The beginning of the quarter always starts out on a high. I’m finally going to be successful! I’m excited for my classes and I’m learning about the things I love! But I know now that my brain lacks the chemicals I need to feel motivated and make these things happen, regardless of how much I want to do them. Watching a YouTube video on productivity or trying the routines of the most successful people in the world don’t give me the dopamine to harness the motivation I desperately need.

When COVID-19 hit and universities moved to virtual meetings, I didn’t even think about the mental impact of learning without a classroom.

I fidget with whatever I can reach; I lock and unlock my phone for the small rush of dopamine that can get me through the rest of a professor’s presentation.

Alisha works on her computer at Boulevard Park in Bellingham, Wash. on May 31, 2021. The park serves as a common workspace for Alisha.
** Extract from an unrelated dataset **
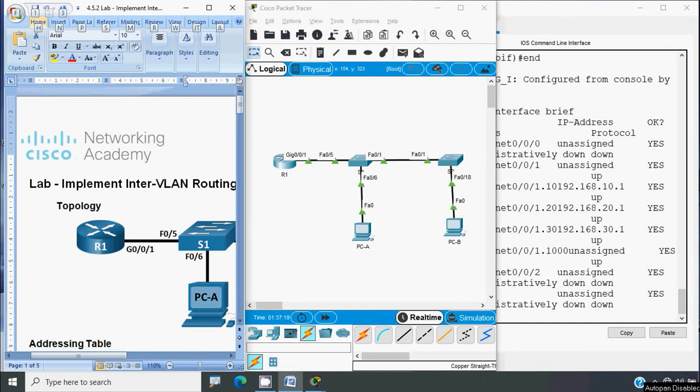In this video we discussed the lab activity: Implement Inter-VLAN Routing. If you have any doubts or suggestions regarding this lab activity, please comment below. If you like our video, give a thumbs up and share with your friends. To contact our team, visit our website - link in the description below. Stay tuned and we'll meet again with the next video. Thank you.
Photo by Merrideth McDowell

I make my way to the kitchen, laptop in hand to make another cup of coffee that will make my heart race for the rest of the day, but at least I might get an assignment turned in.

Though struggling through virtual classes has taken a toll on me, it also gave me the push I needed to look into an ADHD diagnosis. Rates of ADHD in college students are estimated to be around 5%, and 25% among students with disabilities.

My experience getting diagnosed leaves me hopeful for others who were given different diagnoses as children. Women are especially likely to be misdiagnosed, or have their symptoms overlooked. My late diagnosis is not uncommon, since young girls often don’t present “traditional” ADHD symptoms. This is changing, however, as more research and education about ADHD is becoming more available to the public.

Growing up wondering why your brain doesn’t work like everyone else’s is painful and self-advocating as an adult can be even harder. Humans are learning more and more about ADHD and mental health symptoms, validating the experiences of those who are struggling. I’m hopeful for a world where students can learn in the ways that best work for them, regardless of what they want to learn.

Photographs of Boulevard Park, Alisha’s favorite place to reflect and journal. Photos by Jackson Sweeny

I roll out of bed, my feet bracing the cold floor to make my way to the bathroom. I take my stimulant medication with a glass of water. It’s not a fix-all, but I’m able to sit through my Zoom class.

Having an ADHD diagnosis gives me peace of mind. It takes away some of the guilt I have about how my brain functions. I know now there are forms of learning that can work for me, medications that help and an entire community of people experiencing the same things. I’m still learning and adapting, but I’m closer to catching up.